Le stade Borussia à Mönchengladbach. (Photo Ina Fassbender. AFP)
publié le 10 mars 2020 à 18h21

La décision est tombée mardi : sur ordre de la préfecture de police, le match retour des huitièmes de finale de Ligue des champions entre le Paris-SG et le Borussia Dortmund (2-1 pour les Allemands à l’aller) se disputera à huis clos. Le club de la Ruhr ayant reçu devant son public à l’aller, l’équité sportive est bafouée et ça n’a aucune importance au regard des centaines de morts, de la huitième puissance mondiale sous quarantaine ou de la peur qui monte partout. Pour autant, on jouera au football mercredi au Parc des princes et ce n’est pas rien : la futilité du jeu préféré des hommes n’est pas un luxe dans un contexte aussi angoissant.

C'est même un truc à savourer : l'Italie n'en est déjà plus là. Le huis clos : pas de partage ni d'élan commun, quelque chose de la mystique du joueur intégré dans la cité qui flotte dans l'air les soirs de match totalement évanoui. Plus prosaïquement, les circonstances coûteront quelque 5 millions d'euros de recettes «jours de match» au club parisien. Mais ça reste du foot, réduit à son cœur nucléaire : 22 joueurs en même temps sur une pelouse, un ballon et un arbitre. Les micros des télés capteront les mots du terrain comme derrière une main courante : «laisse», «j'ai», «serre» ou «ferme», et il n'est pas interdit de penser que l'imagination des téléspectateurs fera remonter quelques souvenirs, le bruit des crampons qui claquent sur le carrelage et la porte que l'on referme sur un vestiaire maculé de terre et une serviette oubliée.

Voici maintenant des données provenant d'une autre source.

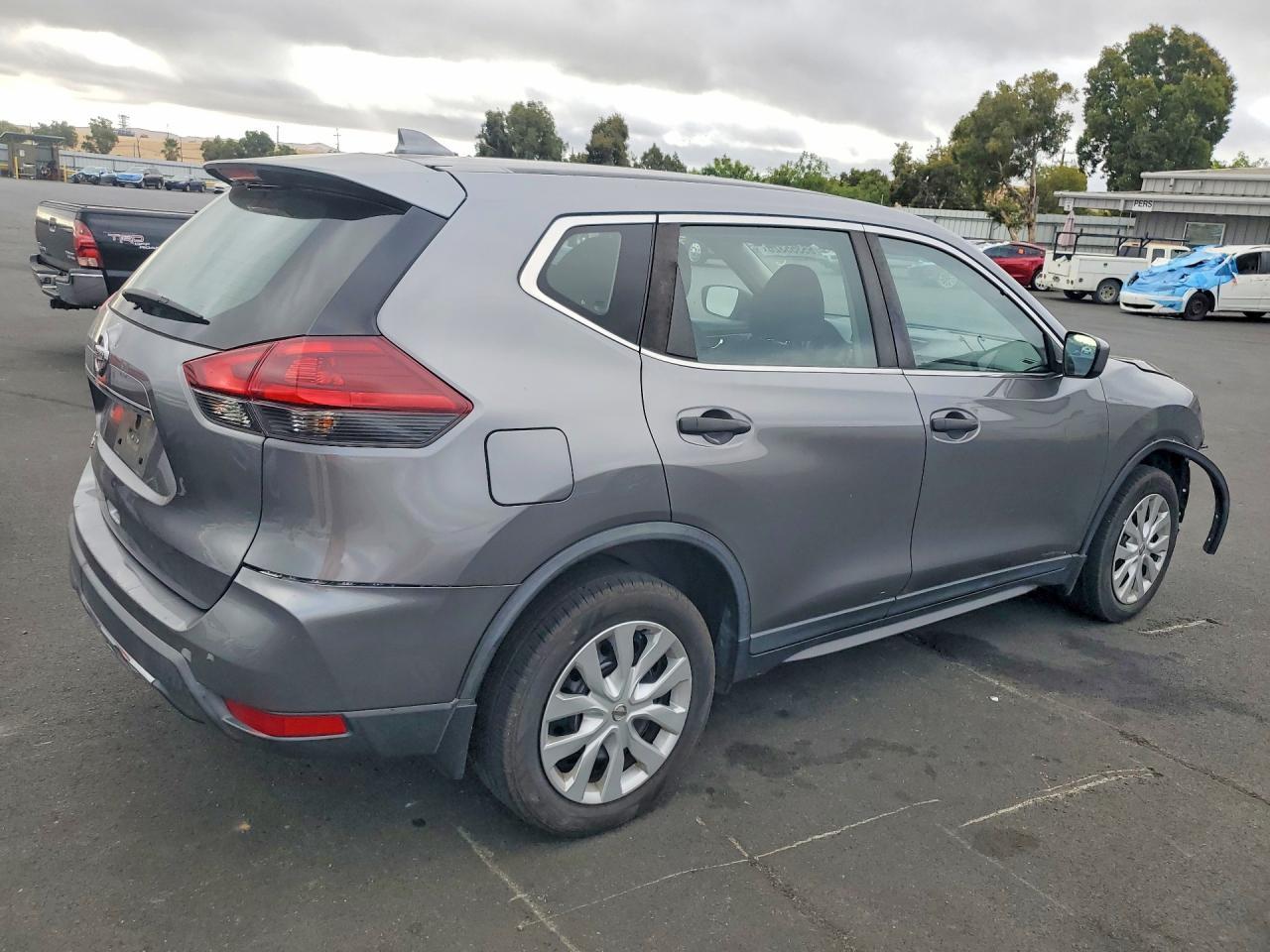 2018 Nissan Rogue, S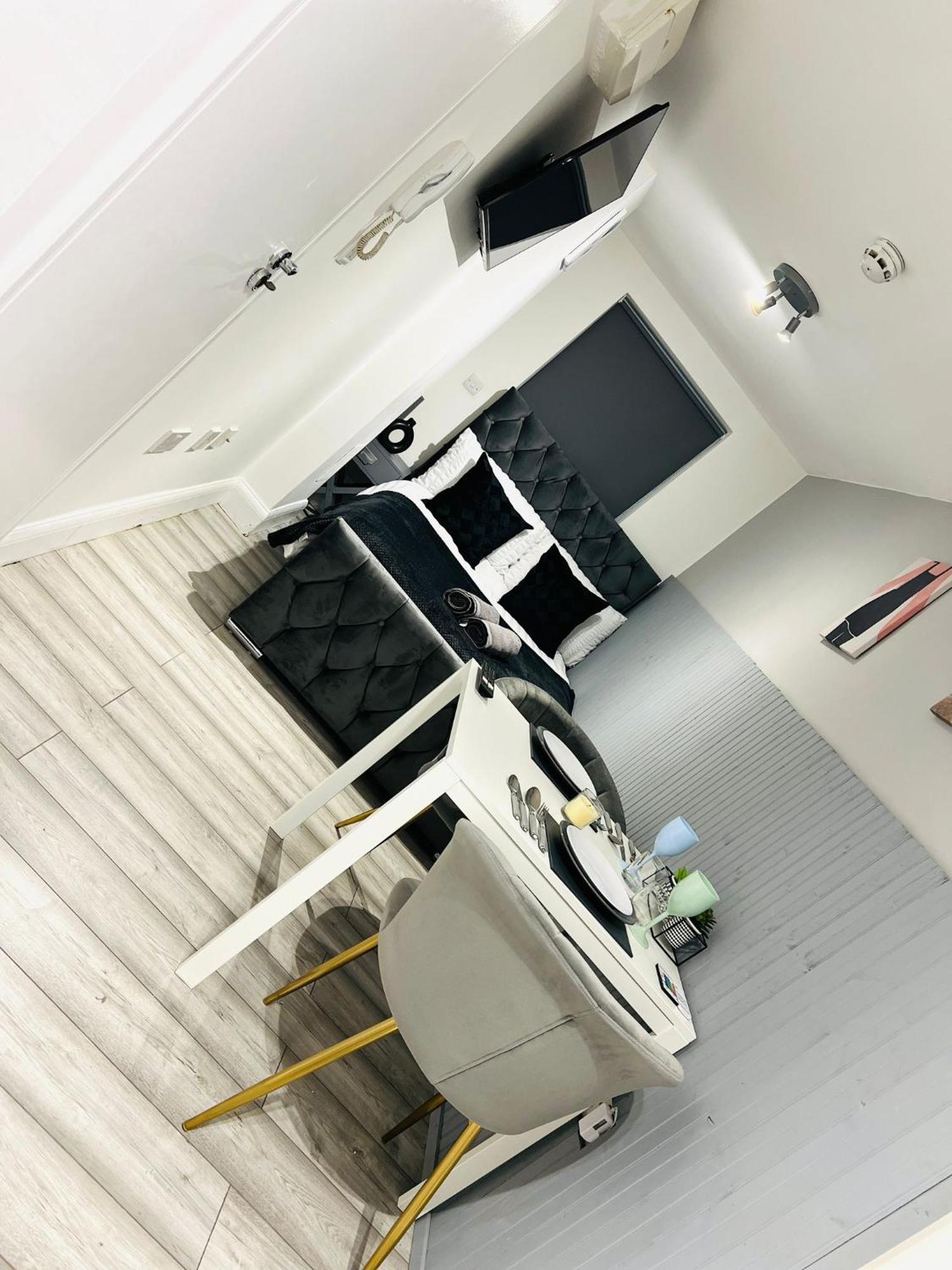 Central Studios In Top Location London Bagian luar foto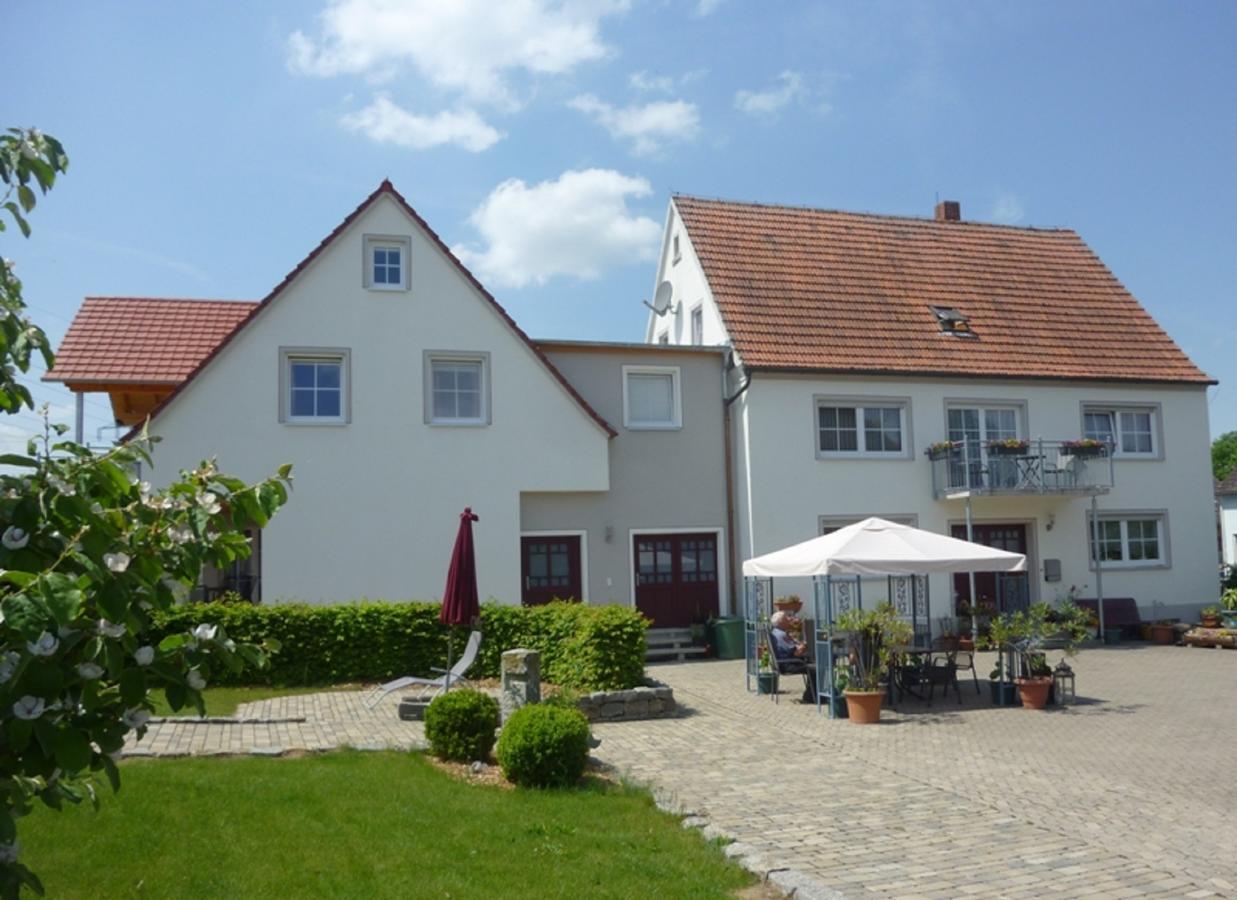 Ferienbauernhof Schuler Villa Gunzenhausen Dış mekan fotoğraf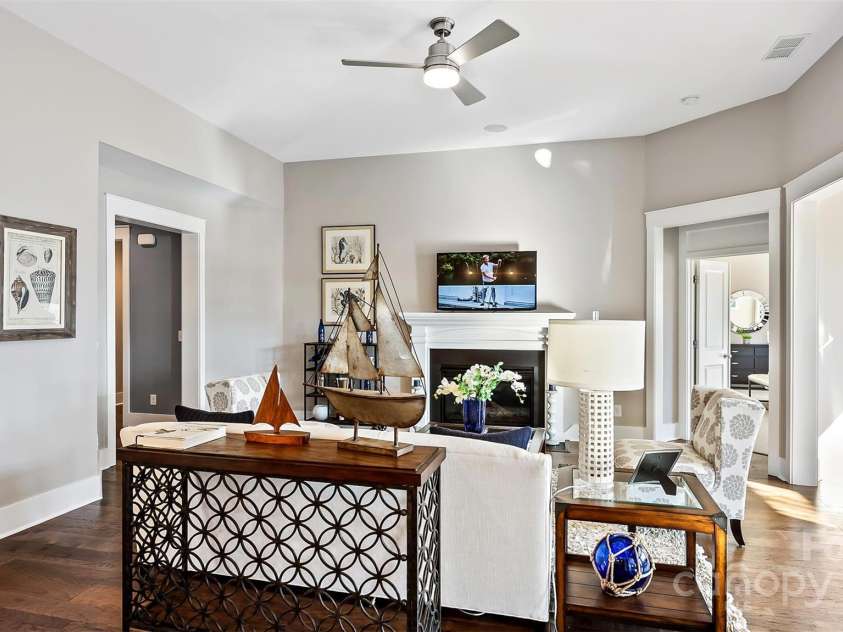 4444 Moxie Way, Charlotte, NC 28215.  MLS# CAR4255167, YatesRealty ID 10948. Suite 3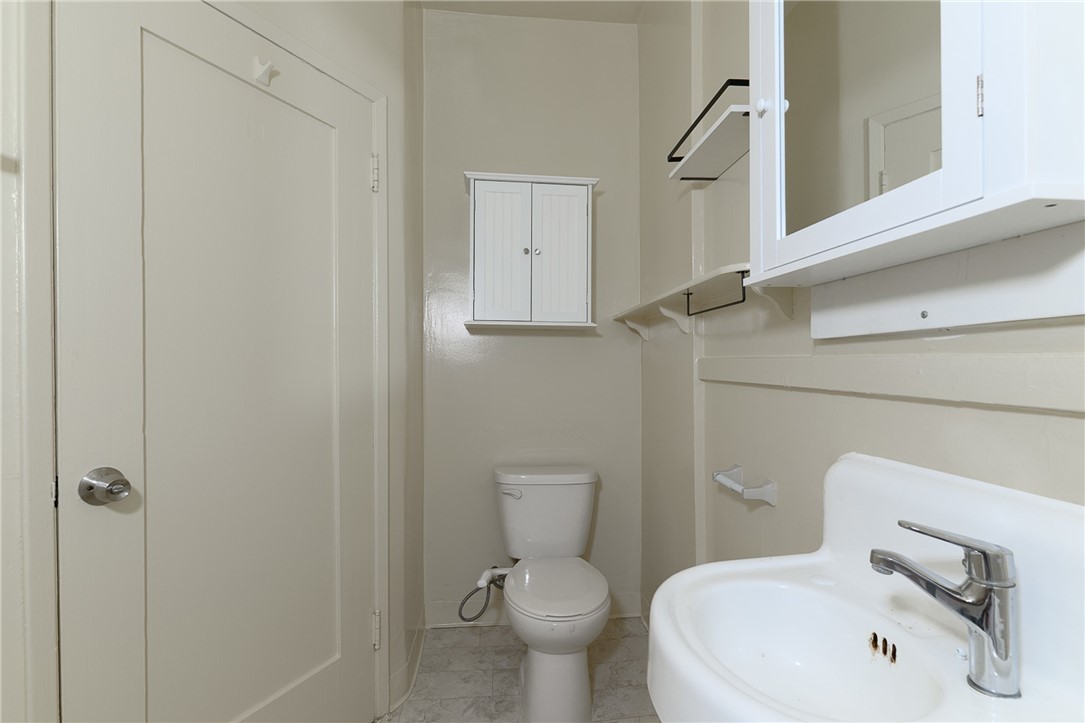 264 E Glenarm Property Photo 22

Le foot a bien des visages : il a aussi celui-là. Durant leurs années de formation, les joueurs ne se sont pas toujours produits devant un public. Depuis, certains ont appris à s’en nourrir, d’autres à faire abstraction, d’autres encore à imaginer un proche (parfois disparu) quelque part dans la tribune : l’absence de décorum, souvent utilisé comme stimulus extérieur, leur suggérera une idée originelle du jeu, l’espace du match comme un monde clos leur appartenant totalement. Bien sûr qu’il n’en est rien : le poids d’un club-Etat pour les Parisiens, celui d’une carrière en pleine ascension pour l’attaquant star de 19 ans du Borussia Dortmund Erling Haaland, et l’ambition sportive bien comprise pour les joueurs des deux camps. Pour autant, le décor suggérera les pulls roulés en boule en guise de poteaux. On confesse être curieux de savoir comment ils s’en débrouilleront.